Please share other cool prompts in the comments so we can all benefit. After a quick online search, I found these pages with prompts and resources for prompt creation that I think are very useful:

Disabling the Safety Check (NSFW Filter)

The stable diffusion code comes with a built-in safety check or NSFW filter. This filter is supposed to block pornographic images. I’m not sure if it also blocks gore and similar things. You will notice if the filter was activated because instead of your desired image, you get rick-rolled:

the image shows a screenshot of the rickroll meme after stable diffusion activates its NSFW filter.

So, why would you want to disable this feature?

There are a couple of reasons for disabling the NSFW filter. For one, it is not always accurate, leading to annoying false positives. This could be extra frustrating if you were running a large batch of prompts or output images, only to find that many were blocked unnecessarily in the end.

Additionally, it seems the NSFW filter model requires a sizeable amount of VRAM to run, and if you have a modest graphics card, that VRAM could be allocated to the diffusion model instead.

One way of getting rid of the filter is to simply use a fork of the stable diffusion code, where it has been removed. I haven’t tested the code myself, but it is an option.

Another way that is also very simple is to disable the filter in your local copy of the code. To do that, you can go to the scripts folder under the repository root and open the file txt2img.py with a code editor. You will find the filter function at around line 87 check_safety.

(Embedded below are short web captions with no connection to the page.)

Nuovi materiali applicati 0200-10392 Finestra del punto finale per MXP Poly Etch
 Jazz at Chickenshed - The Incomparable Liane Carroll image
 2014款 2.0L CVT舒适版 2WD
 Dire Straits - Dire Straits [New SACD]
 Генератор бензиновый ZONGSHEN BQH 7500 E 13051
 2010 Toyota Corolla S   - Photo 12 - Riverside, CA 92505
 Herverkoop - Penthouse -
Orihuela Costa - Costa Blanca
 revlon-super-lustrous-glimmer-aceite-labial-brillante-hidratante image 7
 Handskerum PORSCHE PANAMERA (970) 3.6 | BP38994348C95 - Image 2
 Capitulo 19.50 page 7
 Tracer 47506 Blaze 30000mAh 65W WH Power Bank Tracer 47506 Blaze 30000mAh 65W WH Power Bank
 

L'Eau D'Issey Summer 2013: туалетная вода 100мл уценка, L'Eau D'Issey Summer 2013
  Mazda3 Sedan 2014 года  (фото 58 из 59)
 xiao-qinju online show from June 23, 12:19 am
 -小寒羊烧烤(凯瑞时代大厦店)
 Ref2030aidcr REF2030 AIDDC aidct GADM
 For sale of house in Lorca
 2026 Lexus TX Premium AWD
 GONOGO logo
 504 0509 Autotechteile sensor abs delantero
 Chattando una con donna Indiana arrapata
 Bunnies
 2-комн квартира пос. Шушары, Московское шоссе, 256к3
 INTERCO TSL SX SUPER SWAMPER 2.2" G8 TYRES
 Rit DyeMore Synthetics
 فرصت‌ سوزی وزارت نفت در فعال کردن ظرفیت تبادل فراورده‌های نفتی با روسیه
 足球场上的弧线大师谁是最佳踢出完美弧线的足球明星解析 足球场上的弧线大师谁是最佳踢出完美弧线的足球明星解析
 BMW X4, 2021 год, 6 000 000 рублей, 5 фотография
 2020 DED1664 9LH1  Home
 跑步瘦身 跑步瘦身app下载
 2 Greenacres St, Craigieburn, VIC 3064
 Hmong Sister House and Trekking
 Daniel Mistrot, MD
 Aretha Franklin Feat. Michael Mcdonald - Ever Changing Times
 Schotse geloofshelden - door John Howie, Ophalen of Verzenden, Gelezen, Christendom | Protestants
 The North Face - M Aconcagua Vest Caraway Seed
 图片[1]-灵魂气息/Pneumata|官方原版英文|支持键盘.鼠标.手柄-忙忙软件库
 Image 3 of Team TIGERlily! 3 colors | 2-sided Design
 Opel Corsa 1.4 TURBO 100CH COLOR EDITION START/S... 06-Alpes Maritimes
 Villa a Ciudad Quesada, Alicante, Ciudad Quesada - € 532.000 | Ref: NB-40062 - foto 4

You can simply edit it out:

# def check_safety(x_image):
#     safety_checker_input = safety_feature_extractor(numpy_to_pil(x_image), return_tensors="pt")
#     x_checked_image, has_nsfw_concept = safety_checker(images=x_image, clip_input=safety_checker_input.pixel_values)
#     assert x_checked_image.shape[0] == len(has_nsfw_concept)
#     for i in range(len(has_nsfw_concept)):
#         if has_nsfw_concept[i]:
#             x_checked_image[i] = load_replacement(x_checked_image[i])
#     return x_checked_image, has_nsfw_concept

def check_safety(x_image):
    return x_image, False

Here, the new function simply returns the original image without running any code, and a False boolean, indicating that no NSFW content was detected.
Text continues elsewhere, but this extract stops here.